Fed cuts benchmark interest rate to nearly zero

The Federal Reserve has cut the benchmark interest rate to nearly zero. From The New York Times.

This is a first for the Federal Reserve. From The New York Times:

WASHINGTON — The Federal Reserve entered a new era on Tuesday, setting its benchmark interest rate so low that it will have to reach for new and untested tools in fighting both the recession and downward pressure on consumer prices.

Going further than analysts anticipated, the central bank said it had cut its target for the overnight federal funds rate to a range of zero to 0.25 percent, a record low, bringing the United States to the zero-rate policies that Japan used for six years in its own fight against deflation.
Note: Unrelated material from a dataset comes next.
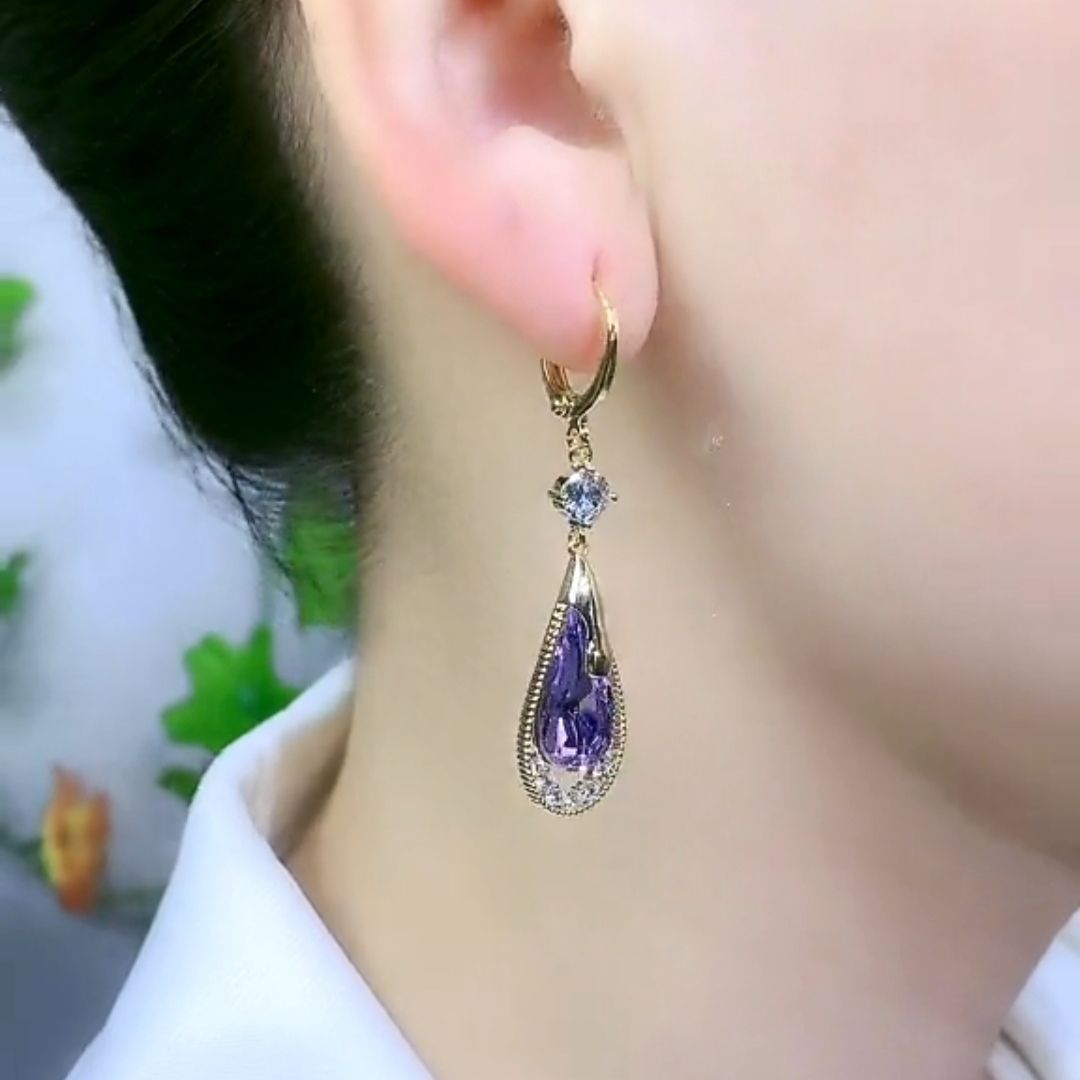 Women's Droplet Ear Clip Simple Fashion Design Earrings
The move to a zero rate, which affects how much banks charge when they lend their reserves to each other, is to some degree symbolic. Though the Fed’s target had had previously been 1 percent, demand for interbank lending has been so low that the actual Fed funds rate has hovering just above zero for the past month.
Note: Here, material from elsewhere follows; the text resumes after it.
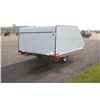 Image 6 : Northtrail 10'x8' enclosed snowmobile trailer, white, single, 2007 model, Local Municipal Unit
Far more important than the rate itself, the Fed bluntly declared that it was ready to move to a new phase of monetary policy in which it prints vast amounts of money for a wide array of lending programs aimed at financial institutions, businesses and consumers.

“The Federal Reserve will employ all available tools to promote the resumption of sustainable economic growth and to preserve price stability,” the central bank said in its statement. Those tools include buying of “large quantities” of debt and mortgage-backed securities and debt issued by government-sponsored companies like Fannie Mae; commercial debt for businesses and consumer lending, and longer-term Treasury securities.

The problem I see here is that even though the Feds have cut their lending rate, to the banks, to almost zero, the banks are still not giving out loans to consumers or businesses. The banks are still saddled with bad debt from the collapsed housing market, and the soured derivative schemes that were backed by the subprime mortgages. Furthermore, the banks are getting stuck with a lot of foreclosed homes that they can't sell to cover their losses. The U.S. Treasury has given over $700 billion to Wall Street in an effort to free up the frozen credit market, however the banks are using this money to cover their own balance sheet losses, or to purchase other banks, rather than lend this money out as the U.S. Treasury had originally planned. Now we have the Federal Reserve both lowering the interest rate to almost zero, but also planning to print even greater amounts of money to dump into the market in the purchase of mortgage-backed securities and even more debt. The bottleneck here is that the banks, and Wall Street, is really hoarding all this federal money:

Ben S. Bernanke, the chairman of the Federal Reserve, has already outlined a range of unorthodox new tools that the central bank can use to keep stimulating the economy once the federal funds rate effectively reaches zero.

Those techniques include buying vast amounts of longer-term Treasury bonds, mortgage-backed securities issued by government-sponsored companies like Fannie Mae and Freddie Mac and commercial debt issued by private companies and consumer lenders.

The Federal Reserve has already introduced a slew of lending programs in its effort to revive corporate and consumer lending. Later this month, the Fed will start purchasing $600 billion worth of securities that are backed by Fannie Mae, Freddie Mac and other government-sponsored entities. The Fed and the Treasury are also introducing a joint program to buy up securities backed by consumer debt like automobile loans.

All of the new tools amount to printing money in vast new quantities, and the Fed has already started the process. Since September, the Fed’s balance sheet has ballooned from about $900 billion to more than $2 trillion as the central bank has created new money and lent it out through all its new programs. As soon as the Fed completes its plans to buy up mortgage-backed debt and consumer debt, the balance sheet will be up to about $3 trillion.

“At some point, and without knowing the timing, the Fed is going to have to destroy all that money it is creating,” said Alan Blinder, a professor of economics at Princeton and a former vice chairman of the Federal Reserve, said the central bank. “Right now, the crisis is created by the huge demand by banks for hoarding cash. The Fed is providing cash, and the banks want to hoard it. When things start returning to normal, the banks will want to start lending it out. If that much money is left in the monetary base, it would be extremely inflationary.”

The U.S. economy is straddling a razor's edge between deflation and inflation. And it all depends on when the banks want to start lending money out in the credit markets. However, the banks are afraid of lending money out because of all the losses they still have on their balance sheets due to the subprime mortgage collapse. The banks would love to have the U.S. taxpayer bail them out without any strings attached. And the U.S. Treasury, and the Federal Reserve, are willing to oblige. The U.S. economy could quickly go from a period of possible deflation to an extreme inflationary period. It all depends on when the banks are willing to lend.

And the Federal Reserve has shot its final interest-rate bolt from its quiver.